Of particular note, Wetmore says, was the IP related to the chemistry Alnylam performs for chemical modification of nucleic acid to improve its stability. "I felt that this method was one that would make a difference for the chance of success of their molecule," Wetmore says.
 
Barry Greene, COO of Alnylam, counts CFFT among a number of similar research partnerships, including a 2003 agreement with Merck to further the development of RNAi technology and a second Merck collaboration announced last year aimed at developing potential RNAi therapies for
age-related macular degeneration (AMD).
 
"We are very excited to have an alliance with the Cystic Fibrosis Foundation," says Greene. "Cystic fibrosis is a horrific disease and no therapies exist that target cystic fibrosis itself.
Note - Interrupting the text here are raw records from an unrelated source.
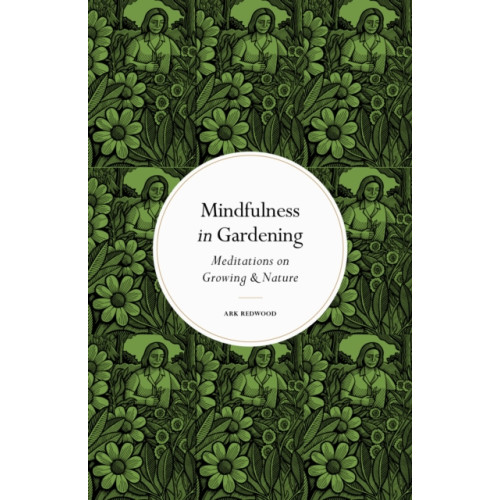 Quarto Publishing Plc Mindfulness in Gardening (inbunden, eng)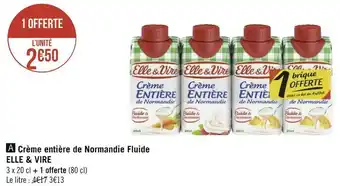 Géant Casino Elle et vire crème entière de normandie fluide offre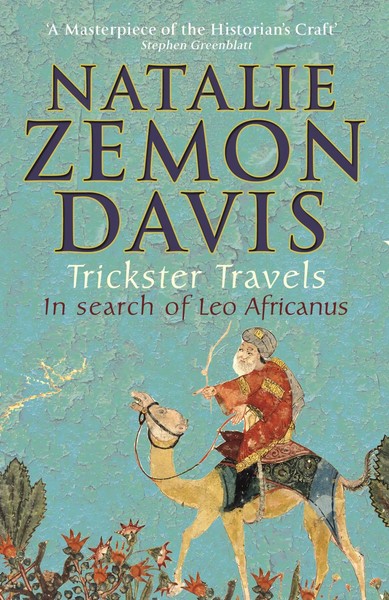 Trickster Travels | A Sixteenth-Century Muslim Between Worlds | Davis | Buch-image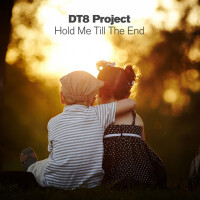 Dt8 Project - Hold Me Till The End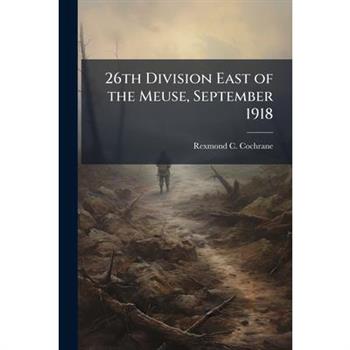 26th Division East of the Meuse, September 1918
We believe, consistent with learning we have made out of our own R&D activities aimed at the lung, that cystic fibrosis can be a direct RNAi application."
 
A genetic disease, cystic fibrosis is marked by defects in a protein called the cystic fibrosis transmembrane conductance regulator (CFTR), which is required for the proper transport of salt and water across a cell membrane. This defect leads to thick sticky mucus that clogs the lungs and digestive system. Most CF patients produce potentially functional CFTR proteins and the aim of the Alnylam research is to determine whether the protein can be redirected to the cell surface by use of RNAi to silence specific genes.
 
While no time frame has been specified, both CFFT and Alnylam anticipate having a collection of molecules in development within 12 months. "As the program achieves success, we anticipate [CFFT] will continue to fund the program into clinical studies," says Greene. "We haven't given any guidance for this program, but within 18 months we believe we can go from a molecule of interest to one that is ready for animal testing. We can move much more rapidly with RNAi than with other approaches."